Pour la dernière journée de capture, le 13 mars 2024, une tension particulière prenait aux tripes les participants.
« Comme c’était la dernière chance, l’objectif était de sortir les quatre derniers chevreuils encore présents. Plusieurs battues ont été organisées. J’étais sur une ligne qui a permis d’en capturer deux », raconte Sandrine Wiber, qui a été formée à manipuler des animaux sauvages – la loi suisse rendant obligatoire ce prérequis.
Un taux de survie élevé
Au total sur deux saisons, 37 ongulés ont été sortis du cimetière dans des caissons spécialement aménagés, puis transportés en camion jusqu’à leur nouveau point de chute dans les montagnes du Jura.
La relâche des herbivores a été un franc succès. Sur les 21 individus déplacés en 2023, plusieurs ont été revus gambadant à l’état sauvage.
Longue vie aux chevreuils !
Des usagers divisés
Dans le cimetière du Hörnli (BS), la cohabitation avec les chevreuils a divisé la population. Vera Weber, présidente de la fondation Franz Weber, qui a déposé le recours contre l’abattage et a organisé le transfert des animaux, a mesuré la gêne soulevée par leur présence.
« Les chevreuils ne pouvaient plus sortir du cimetière, dont les accès donnant sur la forêt voisine ont été fermés au fil des années. Évidemment, les fleurs des tombes étaient très attrayantes pour eux. Ce menu fantastique était en plus renouvelé chaque jour. Cela dérangeait beaucoup de visiteurs en deuil de voir que leurs présents étaient broutés. Mais pour d’autres personnes, c’était un ravissement de voir ces animaux élégants se promener entre les tombes. »

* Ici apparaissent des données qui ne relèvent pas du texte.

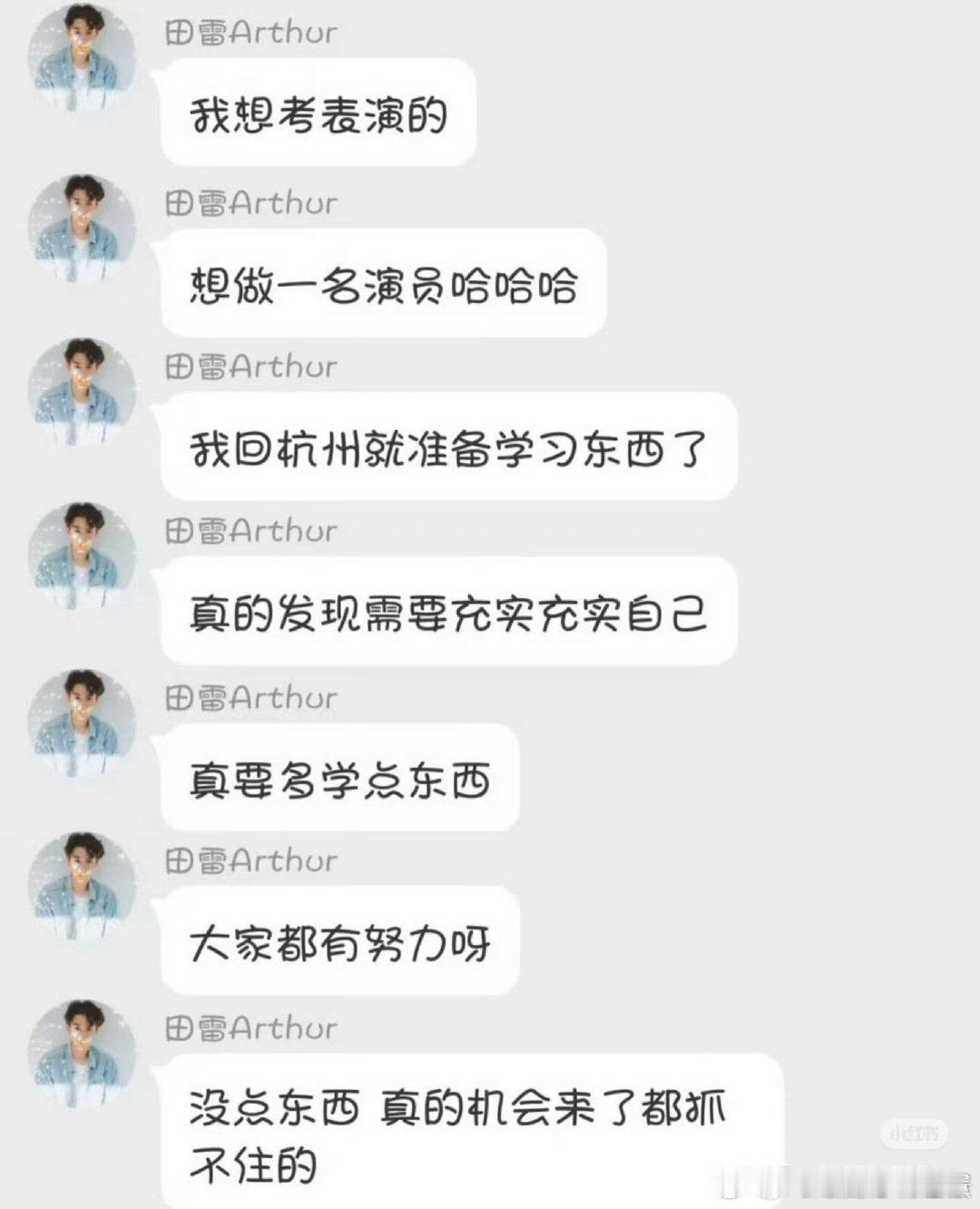 田栩宁这个人很早就知道自己能靠脸吃饭了。高中的时候就因为长得好看给花火当书模，后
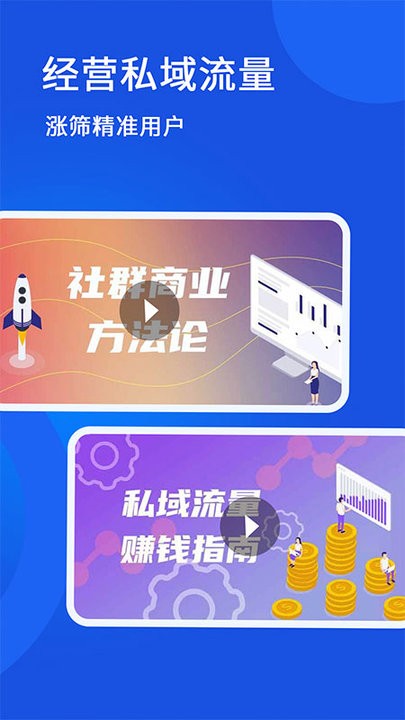 私域流量大学app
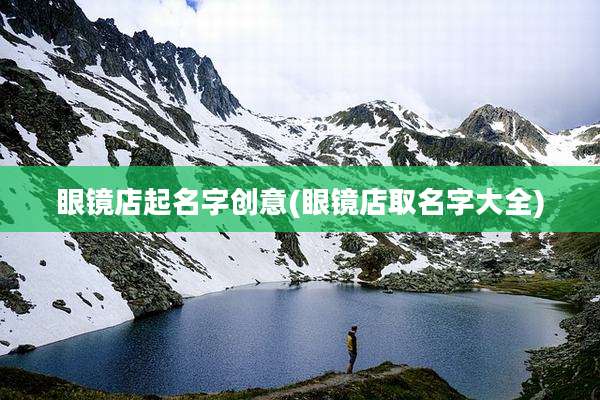 眼镜店起名字创意(眼镜店取名字大全)
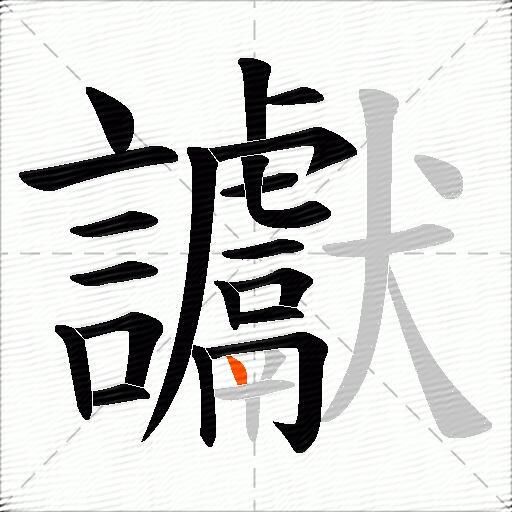 讞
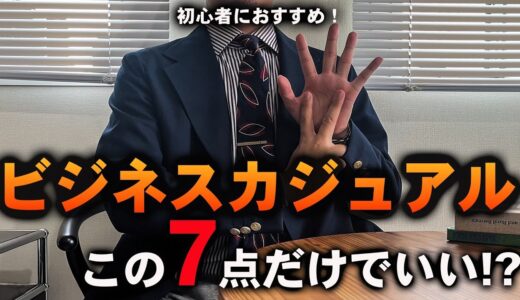 【脱ダサ男】30代・40代のビジネスカジュアル服はこの「7点」だけでオシャレ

Pour les jardiniers, la présence des ruminants représentait une lourde charge de travail. Chaque jour, ils devaient réaménager les parterres fleuris.
Une seconde vie ?
Les 37 chevreuils capturés dans le cimetière du Hörnli ont tous été relâchés dans le canton du Jura, le seul qui ait accepté leur présence.
« Pour les individus relâchés en 2024, il n’y a pas encore assez de recul. Mais les gardes-faune jurassiens ont déjà observé plusieurs des animaux capturés en 2023, tous munis d’un marquage spécifique à l’oreille », explique Monica Biondo, la biologiste de la fondation Franz Weber.
Les gracieux mammifères ont été relâchés dans des zones choisies pour leur tranquillité, à l’écart des routes ou des habitations. Mais ils ne sont pas à l’abri de la chasse qui est autorisée dans l’ensemble du canton en octobre et novembre : un prélèvement de 1 200 individus est fixé par année.
« On a choisi de relâcher les animaux au printemps pour qu’ils aient le temps de connaître leur nouveau territoire et de s’y cacher au mieux lorsque la chasse reprendra », conclut Monica Biondo.